Below, I wrestle with several questions that go to the core of what it means to move to another international location, on this expat trail of life. These are the main issues that many other families face when relocating:
What will be the impact on our careers, childcare, housing, finances, relationships…?
While I have found resources on the logistical side of being repatriated like this checklist by CNN for US repatriates, and I have found resources on transitioning back into your ‘home’ culture, like this BBC article on “How expats cope with losing their identity“, I haven’t read any others experiences and reactions on receiving the news that they will be sent home. I therefore hope you find my experiences here insightful.
The roller-coaster of highs and lows
After hearing the news that our family is being repatriated I came back to our apartment, got the baby out of her wet clothes (rainy season), handed her to her nanny, and went and sat on the floor inside my bedroom closet. Then I lay down on the floor in the closet for a long time. This was the physical manifestation of how I felt on finding out the news that our family is being sent ‘home’. I feel heavy, I feel low. Lying on the floor feels fitting – giving in to gravity.
It is also a place that represents all the physical work that goes into an international move. There was a lot of unpacking, washing, drying, ironing, and organizing to arrange the closet all over again in our new apartment. It doesn’t feel so long ago we did that, and the thought of going through all that again in reverse, so soon, leaves me feeling frustrated.
As I lie there on the closet floor, I wonder why I am feeling and reacting this way.
I reflect on the many stages and emotions involved in finding out about our move overseas, during the move itself, throughout the first few months in our new city, when we heard we may be sent home, and my reactions now we know the final date we are expected to fly out.
It wasn’t always the case that I wanted to stay in Bangkok. Several months ago, during the high air pollution months of December, January and February, I would have been very happy to hear this news of our family being repatriated.
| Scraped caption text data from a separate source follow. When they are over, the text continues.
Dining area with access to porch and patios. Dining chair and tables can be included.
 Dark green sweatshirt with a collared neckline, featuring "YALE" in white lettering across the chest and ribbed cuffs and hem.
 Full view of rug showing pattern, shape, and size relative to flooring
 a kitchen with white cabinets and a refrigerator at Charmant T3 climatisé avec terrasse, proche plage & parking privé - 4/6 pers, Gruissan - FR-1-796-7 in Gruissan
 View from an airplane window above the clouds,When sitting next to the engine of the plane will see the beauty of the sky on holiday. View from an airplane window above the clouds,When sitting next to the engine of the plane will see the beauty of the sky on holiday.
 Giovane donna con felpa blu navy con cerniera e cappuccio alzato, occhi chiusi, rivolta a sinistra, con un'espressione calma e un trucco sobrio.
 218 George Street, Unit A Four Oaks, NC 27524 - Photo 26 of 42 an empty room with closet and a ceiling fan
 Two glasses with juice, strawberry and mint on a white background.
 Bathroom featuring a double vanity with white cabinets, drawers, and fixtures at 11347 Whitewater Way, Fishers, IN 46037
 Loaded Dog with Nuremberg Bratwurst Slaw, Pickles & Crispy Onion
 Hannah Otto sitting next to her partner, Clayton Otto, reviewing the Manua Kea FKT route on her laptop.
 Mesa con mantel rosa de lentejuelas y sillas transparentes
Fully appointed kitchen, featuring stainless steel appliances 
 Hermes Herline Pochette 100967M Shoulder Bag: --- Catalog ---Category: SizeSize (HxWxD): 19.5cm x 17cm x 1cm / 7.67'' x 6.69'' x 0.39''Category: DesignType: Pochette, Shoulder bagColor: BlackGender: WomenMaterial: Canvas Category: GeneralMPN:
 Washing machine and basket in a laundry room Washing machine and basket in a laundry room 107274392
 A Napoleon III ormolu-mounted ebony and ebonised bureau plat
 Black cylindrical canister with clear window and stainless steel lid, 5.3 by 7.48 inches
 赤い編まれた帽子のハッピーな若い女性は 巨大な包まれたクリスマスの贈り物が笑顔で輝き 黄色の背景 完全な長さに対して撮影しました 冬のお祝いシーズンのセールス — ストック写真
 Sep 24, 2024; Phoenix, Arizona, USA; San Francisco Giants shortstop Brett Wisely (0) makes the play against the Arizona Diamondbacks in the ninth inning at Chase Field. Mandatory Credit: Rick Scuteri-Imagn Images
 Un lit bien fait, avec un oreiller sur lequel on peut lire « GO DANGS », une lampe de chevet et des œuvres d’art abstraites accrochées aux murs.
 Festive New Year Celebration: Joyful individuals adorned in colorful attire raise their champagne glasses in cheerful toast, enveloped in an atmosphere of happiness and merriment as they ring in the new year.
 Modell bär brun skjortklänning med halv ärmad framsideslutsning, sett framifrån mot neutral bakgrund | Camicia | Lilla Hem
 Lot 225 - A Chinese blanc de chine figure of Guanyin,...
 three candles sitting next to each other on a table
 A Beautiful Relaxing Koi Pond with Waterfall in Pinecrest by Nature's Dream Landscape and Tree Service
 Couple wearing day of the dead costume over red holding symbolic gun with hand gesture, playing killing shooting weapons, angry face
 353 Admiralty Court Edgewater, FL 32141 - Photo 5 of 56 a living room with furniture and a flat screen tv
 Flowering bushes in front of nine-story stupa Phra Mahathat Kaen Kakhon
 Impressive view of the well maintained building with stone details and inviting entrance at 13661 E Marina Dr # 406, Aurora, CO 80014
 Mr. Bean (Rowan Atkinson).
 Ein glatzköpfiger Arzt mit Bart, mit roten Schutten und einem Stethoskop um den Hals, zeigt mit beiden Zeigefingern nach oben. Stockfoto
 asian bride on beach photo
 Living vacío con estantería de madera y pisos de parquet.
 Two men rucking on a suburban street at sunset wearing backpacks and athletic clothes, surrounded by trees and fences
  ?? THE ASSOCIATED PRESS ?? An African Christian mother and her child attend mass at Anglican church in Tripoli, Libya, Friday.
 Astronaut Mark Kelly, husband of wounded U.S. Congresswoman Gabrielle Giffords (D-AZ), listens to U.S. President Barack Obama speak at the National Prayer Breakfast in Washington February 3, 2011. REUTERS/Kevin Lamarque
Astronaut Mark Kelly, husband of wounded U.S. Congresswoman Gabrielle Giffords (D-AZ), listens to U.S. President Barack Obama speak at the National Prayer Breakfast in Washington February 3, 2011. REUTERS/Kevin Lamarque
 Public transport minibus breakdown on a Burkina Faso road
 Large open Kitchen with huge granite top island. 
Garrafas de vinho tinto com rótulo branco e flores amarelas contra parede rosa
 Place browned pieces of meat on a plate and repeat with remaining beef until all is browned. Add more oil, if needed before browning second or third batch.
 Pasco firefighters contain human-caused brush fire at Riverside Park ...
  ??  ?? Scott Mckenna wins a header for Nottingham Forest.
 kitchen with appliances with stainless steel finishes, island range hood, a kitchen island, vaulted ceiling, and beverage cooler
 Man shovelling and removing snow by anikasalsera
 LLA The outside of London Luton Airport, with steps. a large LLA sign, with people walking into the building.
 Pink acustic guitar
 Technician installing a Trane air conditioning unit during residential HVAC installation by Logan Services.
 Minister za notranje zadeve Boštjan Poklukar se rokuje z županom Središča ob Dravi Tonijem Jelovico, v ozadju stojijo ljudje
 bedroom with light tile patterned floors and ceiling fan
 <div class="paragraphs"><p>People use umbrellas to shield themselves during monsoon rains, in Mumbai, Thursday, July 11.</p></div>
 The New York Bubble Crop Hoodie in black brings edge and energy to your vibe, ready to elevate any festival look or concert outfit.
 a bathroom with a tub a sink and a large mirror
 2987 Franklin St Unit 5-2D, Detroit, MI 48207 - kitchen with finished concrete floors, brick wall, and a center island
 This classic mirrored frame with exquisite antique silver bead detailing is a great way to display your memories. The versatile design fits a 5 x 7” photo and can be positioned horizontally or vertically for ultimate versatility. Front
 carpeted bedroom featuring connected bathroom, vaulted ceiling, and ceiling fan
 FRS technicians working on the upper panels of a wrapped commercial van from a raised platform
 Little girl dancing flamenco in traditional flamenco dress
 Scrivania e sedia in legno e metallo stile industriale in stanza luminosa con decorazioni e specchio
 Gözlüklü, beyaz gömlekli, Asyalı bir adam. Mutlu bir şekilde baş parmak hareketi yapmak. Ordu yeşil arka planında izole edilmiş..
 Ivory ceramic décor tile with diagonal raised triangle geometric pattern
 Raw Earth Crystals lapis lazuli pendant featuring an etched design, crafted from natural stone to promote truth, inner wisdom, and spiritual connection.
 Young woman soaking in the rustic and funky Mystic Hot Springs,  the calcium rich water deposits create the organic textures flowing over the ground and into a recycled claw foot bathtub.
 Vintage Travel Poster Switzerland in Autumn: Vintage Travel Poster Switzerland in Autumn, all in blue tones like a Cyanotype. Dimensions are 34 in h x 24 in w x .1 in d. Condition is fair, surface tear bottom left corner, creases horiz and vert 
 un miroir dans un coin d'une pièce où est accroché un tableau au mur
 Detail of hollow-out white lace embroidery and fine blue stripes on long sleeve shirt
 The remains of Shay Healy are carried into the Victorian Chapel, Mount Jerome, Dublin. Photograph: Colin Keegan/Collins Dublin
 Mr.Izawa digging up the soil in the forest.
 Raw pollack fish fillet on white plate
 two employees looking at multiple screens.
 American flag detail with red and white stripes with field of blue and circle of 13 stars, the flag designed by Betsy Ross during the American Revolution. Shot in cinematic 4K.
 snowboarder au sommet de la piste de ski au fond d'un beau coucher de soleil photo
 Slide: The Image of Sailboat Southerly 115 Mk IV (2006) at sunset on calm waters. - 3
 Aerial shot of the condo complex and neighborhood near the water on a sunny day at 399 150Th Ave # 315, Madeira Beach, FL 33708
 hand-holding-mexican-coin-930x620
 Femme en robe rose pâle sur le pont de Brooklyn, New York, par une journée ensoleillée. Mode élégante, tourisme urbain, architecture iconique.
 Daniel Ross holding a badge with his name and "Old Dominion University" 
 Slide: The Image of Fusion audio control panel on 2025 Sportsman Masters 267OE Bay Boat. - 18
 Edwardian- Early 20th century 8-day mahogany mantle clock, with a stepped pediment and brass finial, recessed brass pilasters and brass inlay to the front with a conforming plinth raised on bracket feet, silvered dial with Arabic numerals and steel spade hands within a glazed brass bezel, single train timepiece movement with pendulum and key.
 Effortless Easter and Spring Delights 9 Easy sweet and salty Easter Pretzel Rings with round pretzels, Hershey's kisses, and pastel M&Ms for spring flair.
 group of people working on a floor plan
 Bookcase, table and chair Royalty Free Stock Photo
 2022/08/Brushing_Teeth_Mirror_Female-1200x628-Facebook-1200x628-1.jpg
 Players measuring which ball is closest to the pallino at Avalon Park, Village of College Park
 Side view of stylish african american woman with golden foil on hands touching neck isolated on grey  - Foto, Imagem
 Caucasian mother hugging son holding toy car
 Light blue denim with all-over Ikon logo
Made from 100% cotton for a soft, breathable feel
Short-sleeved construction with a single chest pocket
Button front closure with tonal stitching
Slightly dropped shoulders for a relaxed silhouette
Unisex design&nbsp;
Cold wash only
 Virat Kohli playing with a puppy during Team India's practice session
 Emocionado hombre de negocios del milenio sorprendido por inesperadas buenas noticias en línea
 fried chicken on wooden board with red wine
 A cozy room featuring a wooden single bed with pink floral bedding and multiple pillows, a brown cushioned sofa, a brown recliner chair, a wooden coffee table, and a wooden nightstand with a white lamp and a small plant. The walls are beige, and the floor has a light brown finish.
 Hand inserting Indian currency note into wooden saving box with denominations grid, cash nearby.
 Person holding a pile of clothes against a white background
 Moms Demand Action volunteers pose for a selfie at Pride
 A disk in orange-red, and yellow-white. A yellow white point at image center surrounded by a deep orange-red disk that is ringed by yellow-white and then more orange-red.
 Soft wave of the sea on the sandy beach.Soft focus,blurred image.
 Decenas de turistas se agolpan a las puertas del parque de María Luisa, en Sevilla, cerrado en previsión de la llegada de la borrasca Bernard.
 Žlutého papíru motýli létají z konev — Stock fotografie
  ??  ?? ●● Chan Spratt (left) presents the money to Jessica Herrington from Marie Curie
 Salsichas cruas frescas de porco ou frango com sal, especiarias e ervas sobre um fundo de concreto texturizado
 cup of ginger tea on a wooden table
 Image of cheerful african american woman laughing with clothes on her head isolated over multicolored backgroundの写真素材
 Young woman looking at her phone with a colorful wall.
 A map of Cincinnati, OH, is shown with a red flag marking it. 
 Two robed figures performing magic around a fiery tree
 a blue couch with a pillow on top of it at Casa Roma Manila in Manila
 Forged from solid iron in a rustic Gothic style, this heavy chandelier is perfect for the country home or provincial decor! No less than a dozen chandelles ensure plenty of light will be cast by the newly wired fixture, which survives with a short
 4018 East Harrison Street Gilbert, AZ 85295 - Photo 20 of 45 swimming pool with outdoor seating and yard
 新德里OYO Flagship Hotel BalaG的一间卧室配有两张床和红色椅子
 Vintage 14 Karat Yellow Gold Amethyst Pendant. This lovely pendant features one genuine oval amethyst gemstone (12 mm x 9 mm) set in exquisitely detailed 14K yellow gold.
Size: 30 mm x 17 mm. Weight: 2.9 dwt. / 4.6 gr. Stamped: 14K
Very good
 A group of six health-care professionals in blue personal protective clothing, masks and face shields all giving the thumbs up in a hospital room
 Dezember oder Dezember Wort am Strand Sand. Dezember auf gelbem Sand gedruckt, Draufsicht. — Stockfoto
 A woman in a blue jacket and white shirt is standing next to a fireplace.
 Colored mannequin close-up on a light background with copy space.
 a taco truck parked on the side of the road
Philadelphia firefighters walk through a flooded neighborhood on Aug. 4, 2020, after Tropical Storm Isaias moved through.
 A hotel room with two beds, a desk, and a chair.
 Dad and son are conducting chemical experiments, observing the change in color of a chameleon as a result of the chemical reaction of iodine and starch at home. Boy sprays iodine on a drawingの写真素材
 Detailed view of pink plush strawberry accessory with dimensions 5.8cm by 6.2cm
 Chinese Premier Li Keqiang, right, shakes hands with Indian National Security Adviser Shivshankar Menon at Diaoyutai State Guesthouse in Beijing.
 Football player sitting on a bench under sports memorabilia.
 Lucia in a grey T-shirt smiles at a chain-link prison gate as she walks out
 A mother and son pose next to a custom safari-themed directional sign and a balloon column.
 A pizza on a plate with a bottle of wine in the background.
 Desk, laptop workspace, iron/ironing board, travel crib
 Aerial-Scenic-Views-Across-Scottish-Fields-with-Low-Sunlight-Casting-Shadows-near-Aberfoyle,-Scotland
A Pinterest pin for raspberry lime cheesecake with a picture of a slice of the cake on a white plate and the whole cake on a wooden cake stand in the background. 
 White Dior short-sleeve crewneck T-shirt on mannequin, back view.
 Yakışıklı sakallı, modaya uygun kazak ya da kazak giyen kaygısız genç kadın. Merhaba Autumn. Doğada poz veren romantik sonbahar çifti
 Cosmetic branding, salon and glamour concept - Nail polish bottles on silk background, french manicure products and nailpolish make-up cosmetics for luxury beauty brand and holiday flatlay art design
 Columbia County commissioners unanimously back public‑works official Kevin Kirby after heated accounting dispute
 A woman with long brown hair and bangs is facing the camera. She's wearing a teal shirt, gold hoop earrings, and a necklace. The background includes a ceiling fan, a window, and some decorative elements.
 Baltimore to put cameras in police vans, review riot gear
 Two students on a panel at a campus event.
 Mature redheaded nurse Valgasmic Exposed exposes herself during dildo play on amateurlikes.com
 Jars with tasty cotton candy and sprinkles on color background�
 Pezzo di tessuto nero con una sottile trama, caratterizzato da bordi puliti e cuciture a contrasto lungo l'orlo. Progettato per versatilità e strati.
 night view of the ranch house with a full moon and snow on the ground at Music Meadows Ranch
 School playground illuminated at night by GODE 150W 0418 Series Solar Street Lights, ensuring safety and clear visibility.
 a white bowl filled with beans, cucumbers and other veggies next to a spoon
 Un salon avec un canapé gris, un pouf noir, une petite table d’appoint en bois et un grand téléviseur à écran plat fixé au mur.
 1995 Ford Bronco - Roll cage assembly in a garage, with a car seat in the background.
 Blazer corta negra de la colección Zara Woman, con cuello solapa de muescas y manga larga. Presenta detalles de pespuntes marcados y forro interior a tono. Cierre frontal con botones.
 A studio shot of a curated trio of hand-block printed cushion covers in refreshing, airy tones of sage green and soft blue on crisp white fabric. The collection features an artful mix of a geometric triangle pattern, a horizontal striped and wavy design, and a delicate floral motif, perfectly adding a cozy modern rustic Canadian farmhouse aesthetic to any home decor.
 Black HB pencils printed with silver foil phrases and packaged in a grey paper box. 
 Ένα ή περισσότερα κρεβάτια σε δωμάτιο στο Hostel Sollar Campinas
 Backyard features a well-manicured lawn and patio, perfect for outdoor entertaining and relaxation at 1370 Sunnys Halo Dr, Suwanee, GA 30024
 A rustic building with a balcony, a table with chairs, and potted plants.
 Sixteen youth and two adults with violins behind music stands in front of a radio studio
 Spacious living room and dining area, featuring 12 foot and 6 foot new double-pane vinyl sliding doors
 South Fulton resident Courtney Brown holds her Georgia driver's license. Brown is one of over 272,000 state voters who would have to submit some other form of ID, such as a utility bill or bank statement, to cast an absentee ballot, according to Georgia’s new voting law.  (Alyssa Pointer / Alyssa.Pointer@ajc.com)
But we have moved on from that, the air is good, we’ve built and adjusted to our new lives here and we’re in a different place mentally, now feeling comfortable in Bangkok.
Why does this news feel so heavy?
I try to nail down what I am feeling so deflated about. And I’m not even sure if ‘deflated’ is the accurate word, but nothing fits better. What’s really going on here? I ask myself a few questions to try and help myself understand what the real core of the issue is here.
Is it because this represents the end of a stage in my life that I longed for and planned for so long?
The short answer to this is “definitely yes”. In sadness and in nostalgia, I acknowledge this phase is nearing its end and I need to let go of it.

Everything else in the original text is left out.